I can’t even tell you how many vendor demos I’ve sat in on and heard the salesperson throw out the descriptors “configurable” and “customizable,” even using the two words interchangeably. Although according to your thesaurus, they are synonyms, this is not the case when we describe HR technology systems or most software systems for that matter. The words are definitely descriptors for HR technology functionality, but they don’t convey the same offerings. Keep reading to find out we perceive the difference between the two to be, so the next time you hear a vendor drop either of the terms, you’ll have the knowledge to question what he or she actually means. Knowledge is power, and, in this case, it might be your vendor’s kryptonite.
When vendors describe their systems as configurable, they mean the system is essentially complete and only needs a few fine tunes to fit a client’s specific needs. Generally the fine tunes are specific tweaks in the system allowing some personalization to specific behaviors or features – a vendor provided menu of areas that can be configured, so to speak.
For example, when buying a new car, you are given the option to select the color of the car, whether or not you want a sunroof, OnStar, built-in navigation or leather interior. The car is essentially the same- same body, tires, engine, etc., but you have the ability to make a few tweaks to personalize it to your tastes or needs.
With HR technology, configuration allows you to configure a few features to your specific needs and gives you the ability to add industry specific features. For example, you can change the color palate and fonts of your benefits website and add your company logo. Configuring a new hire process or termination workflow would be a few additional examples.
In the HR technology industry, vendors have spotted areas where clients commonly desire to customize features and have made those features more flexible to change without having to go in and recode. Configuration tends to save time and money because less backend coding and implementation is required, which is why it is a more favored approach for SaaS vendors. With more HR technology vendors moving to the SaaS model, all updates for all clients are being done at the same time, which makes it easier on the vendor and the clients to use configuration.
One drawback to HR technology configuration is that it may require depth and detail in the initial deployment, which might require specialized, highly trained people to know “which switches to switch.” Most vendors have trained implementation teams to “switch the switches,” so employer resources aren’t required to have the training and knowledge to do so.

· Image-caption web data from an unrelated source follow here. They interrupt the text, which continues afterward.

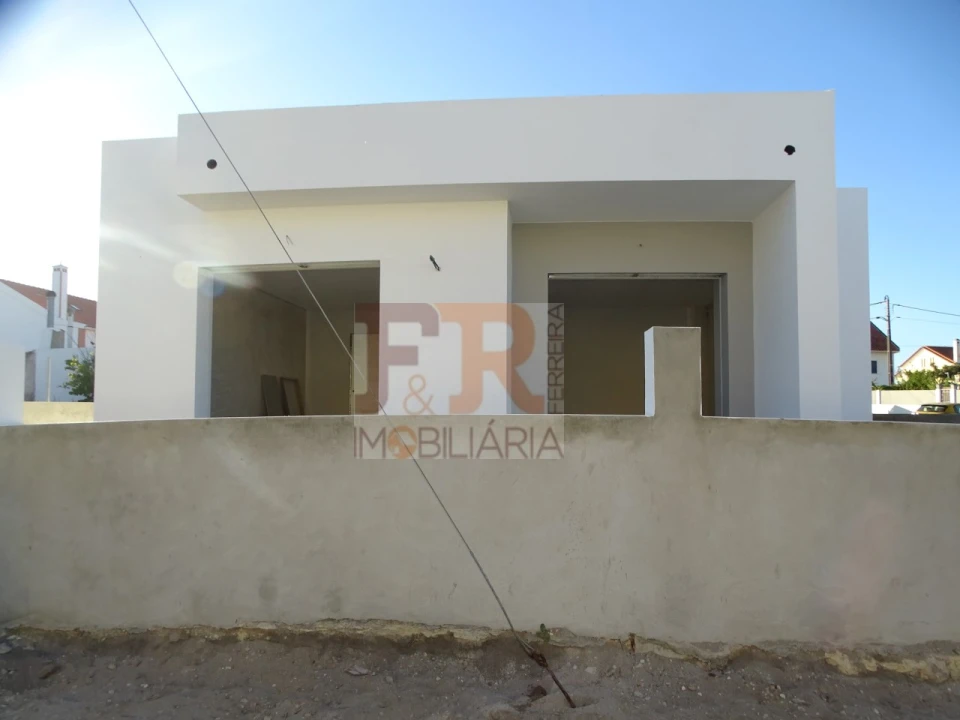Moradia T3 para Venda em Fernao Ferro Foto 20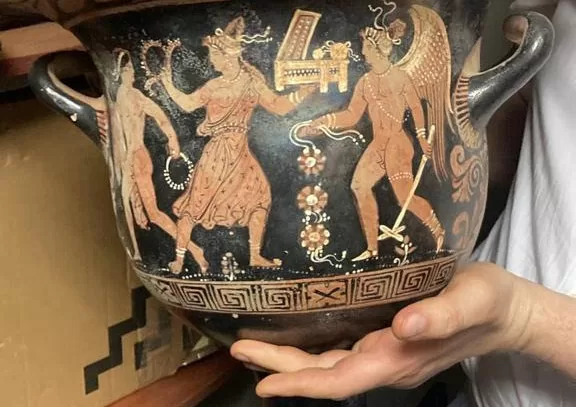 Антикварная ваза / Фото: ГБР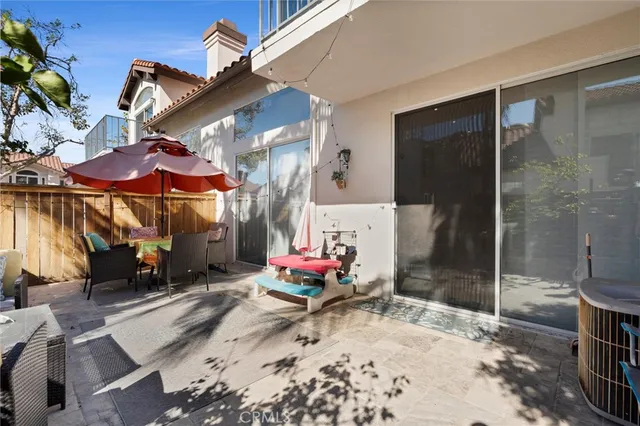 $939,999 | 124 VÃa Lampara, Rancho Santa Margarita, CA 92688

When a system is described as customizable, the vendor is saying that the system isn’t fully complete and will require further development to meet the client’s needs. The system will require custom coding and implementation, but you are able to change more items than the configurable “menu of options.”
Sticking with our automotive analogy, if you were customizing a car, you would buy the body of a car, but add an engine you built yourself, swap out your standard tires with some performance tires and have red flames painted on the sides to create a customized car. The tweaks you are making are a little more labor intensive and aren’t standard options to change.
In HR technology, customization provides employers a way to differentiate their systems but also requires more time and backend coding to achieve the desired customizations. Because customization requires vendors to write coding, thus making implementation work and time greater, customization tends to be more expensive than configuration. The custom coding allows users to change bigger things like the layout of the system, the performance management review form, the way data from third party systems are received and displayed and more. Until fairly recently, HR technology systems have been premise-based (you purchase the system and house it internally versus Saas or cloud-based solutions). Because each individual client owns its own instance of the system, customization among premise-based solutions was really popular.
Some drawbacks to customization include how expensive it can be to achieve and maintain a customized system. Customization may also require additional IT resources to maintain the system, and upgrades can be more challenging. You risk your customized changes and custom coding not working properly after implementation or upgrades; extra validation steps are required with customized systems to ensure that they will work properly. There are ways vendors can offer customizations that won’t be impacted by system updates, but it is a question that will need to be asked of the vendor.
The HR technology vendors we work with tend to prefer configurable systems. However, despite having some configurable features, some employers still might need some customization in a specific area.
The difference between configurable and customizable really comes down to providing more options to design specific applications or functionalities for specific needs vs. coding and developing to a client’s specific needs. Knowing the difference between the two is really more than being able to call your vendors out on whether they know the difference between the two; it’s important to understand the difference so that when a vendor does promote one or the other, you know exactly what you are getting, how much tweaking you can do and how much it will cost to make system tweaks to meet your needs.